Next, we need a function applying the testing data to a particular queue.

racket

(define (test-data q0 empty? enq deq data)
  (define (exec cmd q)
    (match cmd
      ['tail (if (empty? q) q (deq q))]
      [el (enq el q)]))
  (foldl exec q0 data))

The function test-data accepts an initial queue q0, a predicate testing queue's emptiness empty?, functions enq and deq enqueuing and dequeuing an element, and testing data. The local function exec (Lines 2-5) executes a command cmd on the queue. If cmd is 'tail, the first element is dequeued provided the queue is non-empty. Otherwise, cmd is an element to be enqueued. Line 6 runs all the commands on the initial queue q0.

Now it remains to measure the times needed to evaluate test-data. We first create testing data data and then compare the performance. To prevent displaying the large queues on the screen, we can enclose the call of test-data inside begin and returns just a value 'done.

racket

(define data (make-data 1000000))
(time (begin (test-data empty-queue queue-empty? snoc tail data) 'done))
(time (begin (test-data '() null? naive-snoc naive-tail data) 'done))
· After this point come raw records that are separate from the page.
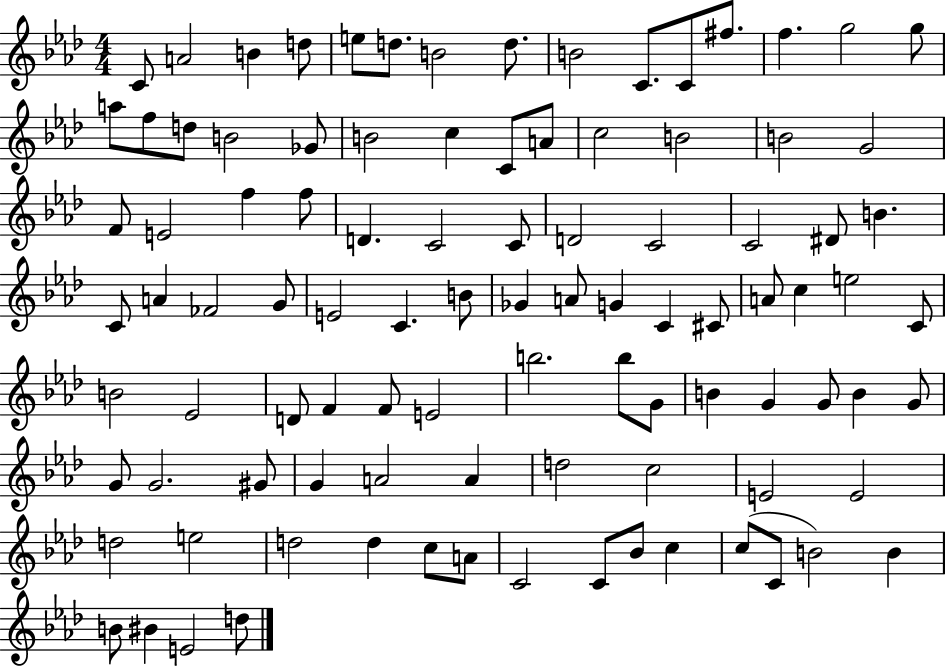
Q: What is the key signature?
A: AES major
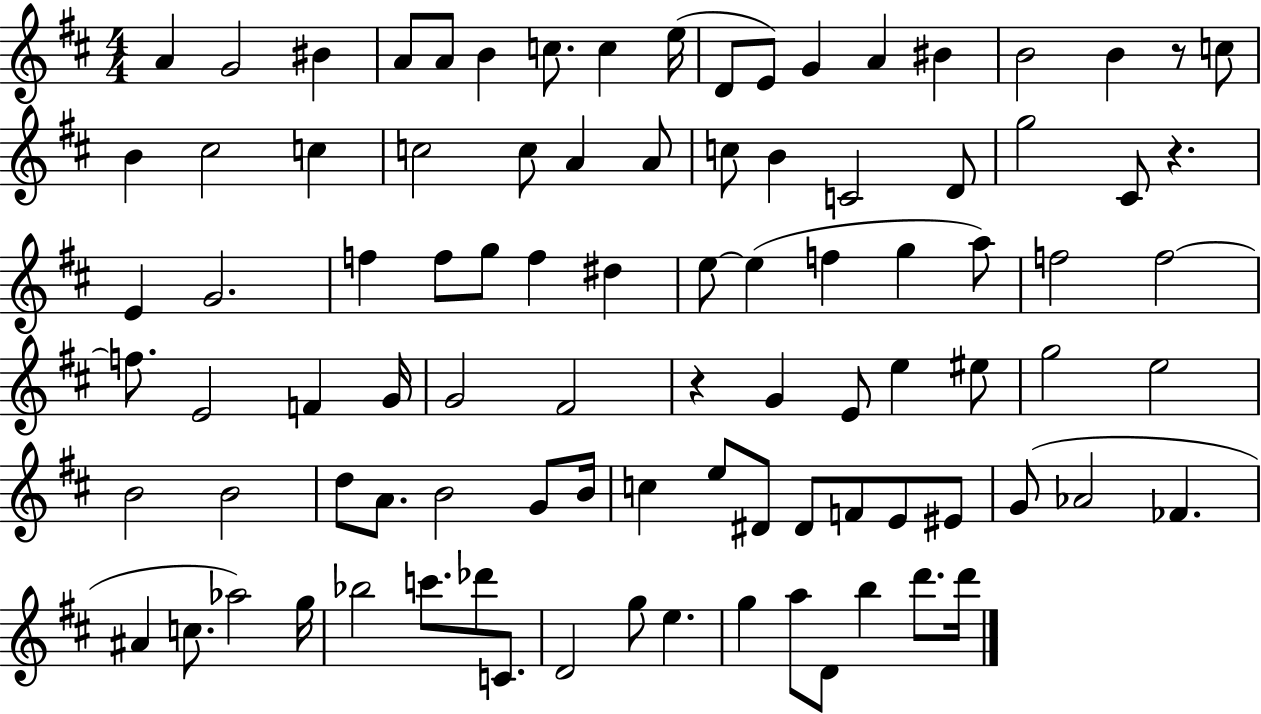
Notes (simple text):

A4/q G4/h BIS4/q A4/e A4/e B4/q C5/e. C5/q E5/s D4/e E4/e G4/q A4/q BIS4/q B4/h B4/q R/e C5/e B4/q C#5/h C5/q C5/h C5/e A4/q A4/e C5/e B4/q C4/h D4/e G5/h C#4/e R/q. E4/q G4/h. F5/q F5/e G5/e F5/q D#5/q E5/e E5/q F5/q G5/q A5/e F5/h F5/h F5/e. E4/h F4/q G4/s G4/h F#4/h R/q G4/q E4/e E5/q EIS5/e G5/h E5/h B4/h B4/h D5/e A4/e. B4/h G4/e B4/s C5/q E5/e D#4/e D#4/e F4/e E4/e EIS4/e G4/e Ab4/h FES4/q. A#4/q C5/e. Ab5/h G5/s Bb5/h C6/e. Db6/e C4/e. D4/h G5/e E5/q. G5/q A5/e D4/e B5/q D6/e. D6/s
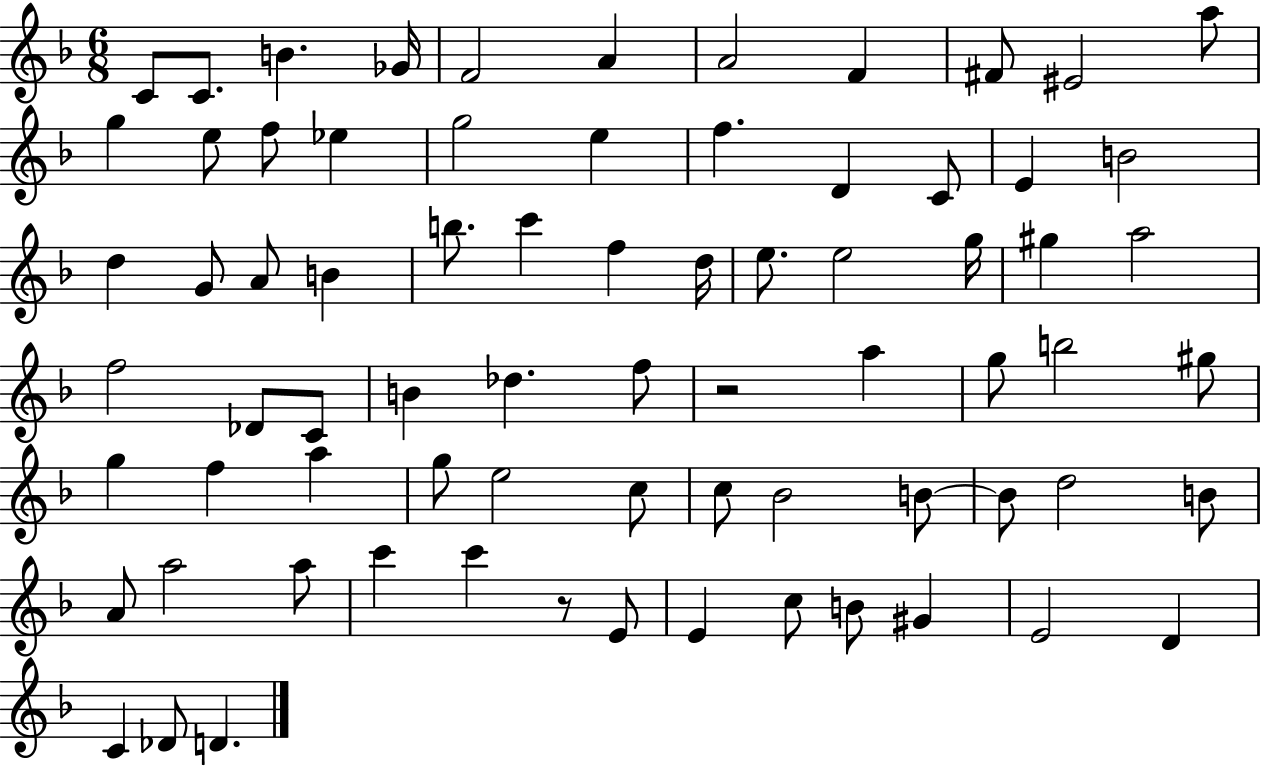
{
  \clef treble
  \numericTimeSignature
  \time 6/8
  \key f \major
  c'8 c'8. b'4. ges'16 | f'2 a'4 | a'2 f'4 | fis'8 eis'2 a''8 | \break g''4 e''8 f''8 ees''4 | g''2 e''4 | f''4. d'4 c'8 | e'4 b'2 | \break d''4 g'8 a'8 b'4 | b''8. c'''4 f''4 d''16 | e''8. e''2 g''16 | gis''4 a''2 | \break f''2 des'8 c'8 | b'4 des''4. f''8 | r2 a''4 | g''8 b''2 gis''8 | \break g''4 f''4 a''4 | g''8 e''2 c''8 | c''8 bes'2 b'8~~ | b'8 d''2 b'8 | \break a'8 a''2 a''8 | c'''4 c'''4 r8 e'8 | e'4 c''8 b'8 gis'4 | e'2 d'4 | \break c'4 des'8 d'4. | \bar "|."
}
cpu time: 62 real time: 64 gc time: 31
'done
cpu time: 1718 real time: 1769 gc time: 218
'done

The first time corresponding to the improved queue is considerably shorter than the second one corresponding to the naive implementation.

Random access lists

Arrays are the most common data structures in imperative programming. An array is a collection of indexed elements that can be quickly accessed and updated, i.e., in constant time $O (1)$ . If we restrict ourselves to pure functional programming, inventing a data structure behaving like an array with a fast lookup and update is not so easy. In this section, I will discuss such a data structure called a random access list. It behaves like a list with lookup and update operations whose running times are, in worst-case, logarithmic $O (\log n)$ . Several variants of random access lists are already implemented in Racket; see the documentation. I will implement the simplest variant called Binary random access lists.
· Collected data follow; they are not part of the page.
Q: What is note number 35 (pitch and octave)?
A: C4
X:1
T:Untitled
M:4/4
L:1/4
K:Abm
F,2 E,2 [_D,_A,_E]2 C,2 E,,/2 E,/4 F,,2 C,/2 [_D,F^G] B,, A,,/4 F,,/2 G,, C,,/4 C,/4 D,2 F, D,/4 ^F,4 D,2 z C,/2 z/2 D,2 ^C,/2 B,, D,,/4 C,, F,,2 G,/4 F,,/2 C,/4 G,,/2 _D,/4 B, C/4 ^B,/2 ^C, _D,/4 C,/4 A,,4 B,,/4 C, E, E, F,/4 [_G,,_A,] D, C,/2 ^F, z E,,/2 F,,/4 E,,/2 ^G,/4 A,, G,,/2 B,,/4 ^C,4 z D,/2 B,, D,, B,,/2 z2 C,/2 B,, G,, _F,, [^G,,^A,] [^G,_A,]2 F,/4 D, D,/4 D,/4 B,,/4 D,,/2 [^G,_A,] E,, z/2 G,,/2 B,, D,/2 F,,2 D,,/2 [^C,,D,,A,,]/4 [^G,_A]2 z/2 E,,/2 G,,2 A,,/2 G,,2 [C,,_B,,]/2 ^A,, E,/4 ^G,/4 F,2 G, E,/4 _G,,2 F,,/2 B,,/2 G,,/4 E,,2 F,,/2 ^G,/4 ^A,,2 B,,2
Analogously to queues, one can naively implement arrays as lists. However, as we already know, the lookup and update operations run in linear time $O (n)$ for lists. A usual approach to overcome this issue is to represent arrays as self-balancing trees (e.g., AVL trees or Red-black trees). Then the lookup can be done in the logarithmic time because such a tree's height is logarithmic in size. The self-balancing mechanism is usually quite complicated. Thus, I will discuss Binary random access lists for their simplicity.

The problem with the regular list is that their length equals their size. Thus, it takes a linear time if we want to iterate through them to look up an element. To overcome this, we can split the list's members into chunks so that there are only logarithmically many chunks. The way we create the chunks is based on the binary numeral system. Recall that every number $n$ can be uniquely represented as follows: [n=b_0\cdot 2^0 + b_1\cdot 2^1 + b_2\cdot 2^2 + \cdots + b_k\cdot 2^k ] where $b_{0}, b_{1}, \dots, b_{k} \in {0, 1}$ are the bits of its binary representation; $b_{0}$ is the least significant bit and $b_{k}$ the most significant. Assuming that the most significant bit $b_{k} = 1$ , we have $2^{k} \leq n$ , implying $k \leq \log_{2} n$ . In other words, the number of bits we need to represent $n$ is logarithmic.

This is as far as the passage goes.